Give all of the data again exactly as written, omitting every image.

═══ Supplied data

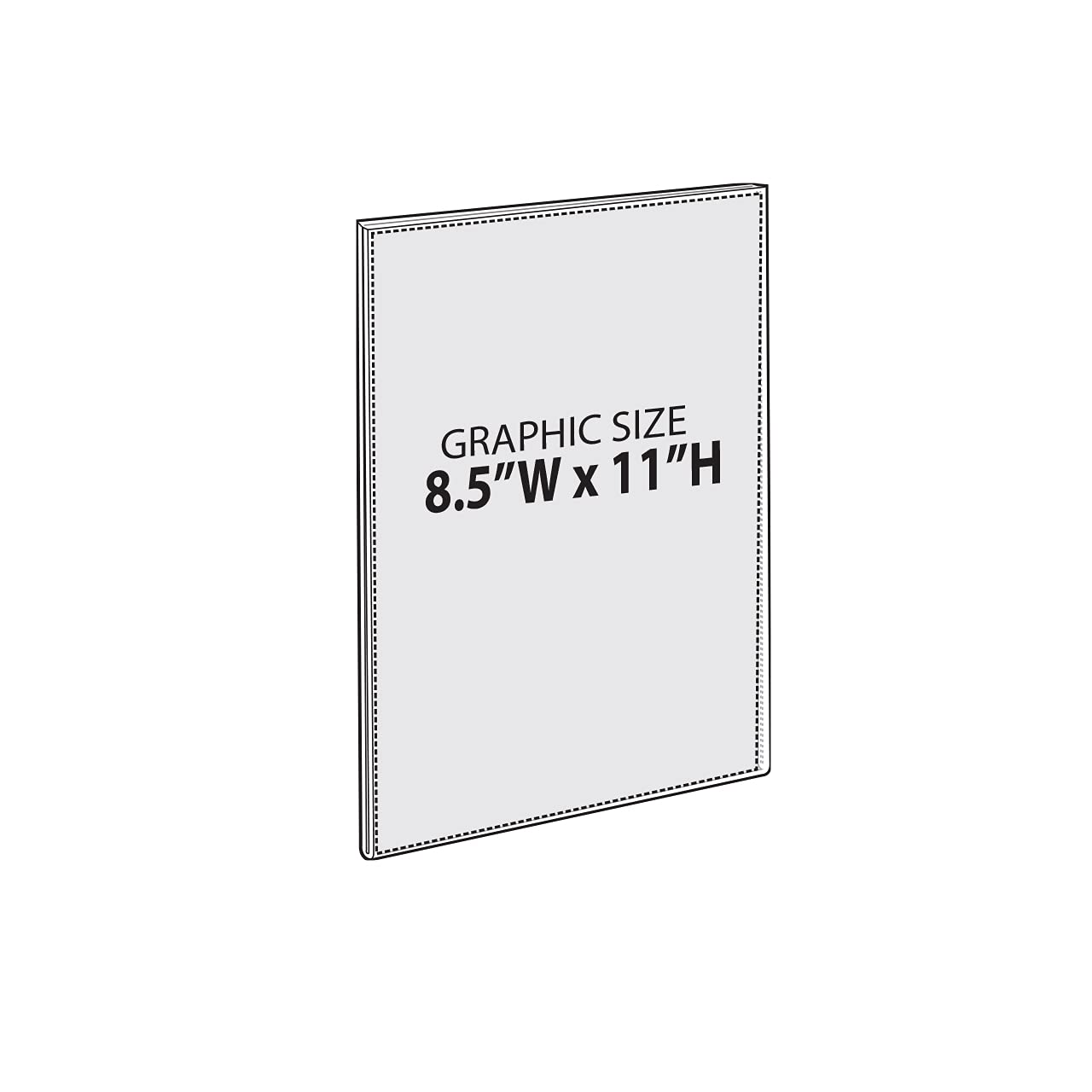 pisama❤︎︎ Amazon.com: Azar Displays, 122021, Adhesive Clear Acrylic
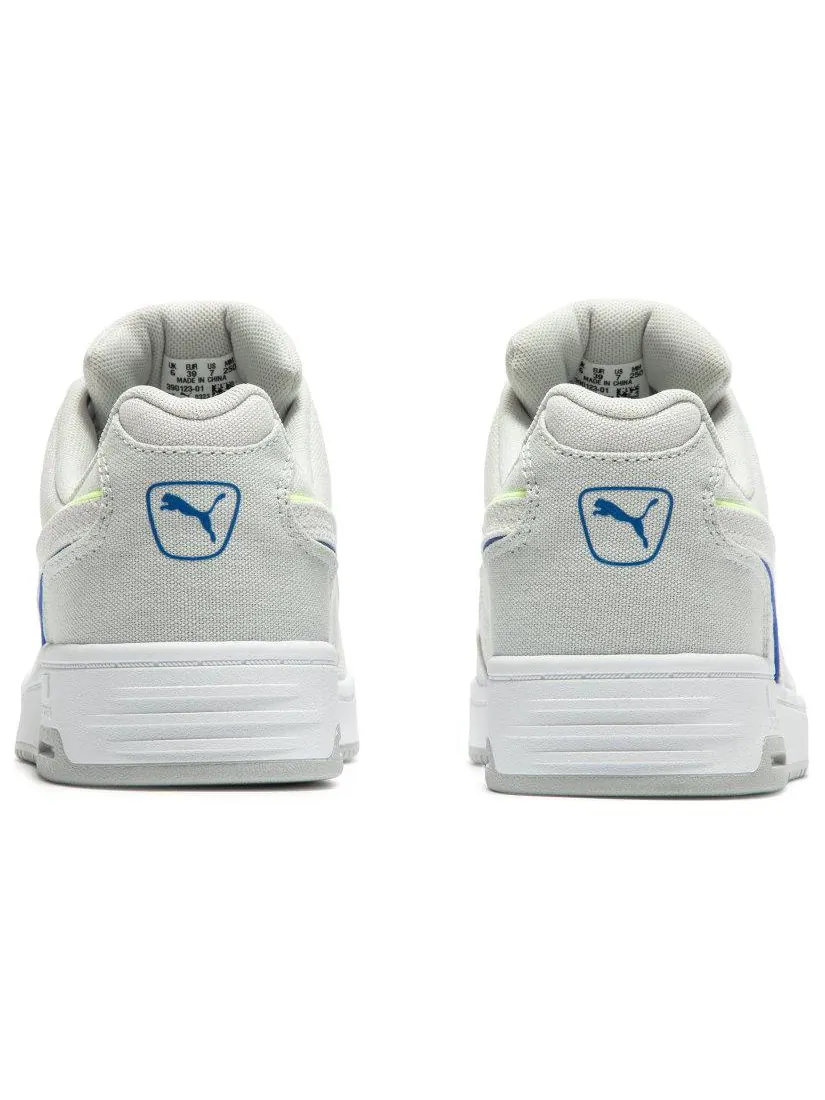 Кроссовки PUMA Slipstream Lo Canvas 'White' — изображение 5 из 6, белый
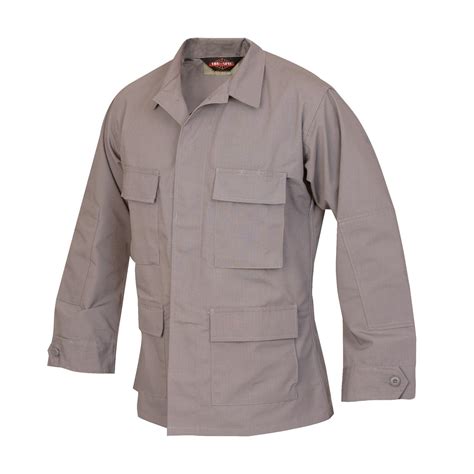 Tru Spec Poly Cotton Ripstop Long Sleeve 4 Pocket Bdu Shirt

══════

▶ **Solution to this task**
 pisama❤︎︎ Amazon.com: Azar Displays, 122021, Adhesive Clear Acrylic
 Кроссовки PUMA Slipstream Lo Canvas 'White' — изображение 5 из 6, белый
 Tru Spec Poly Cotton Ripstop Long Sleeve 4 Pocket Bdu Shirt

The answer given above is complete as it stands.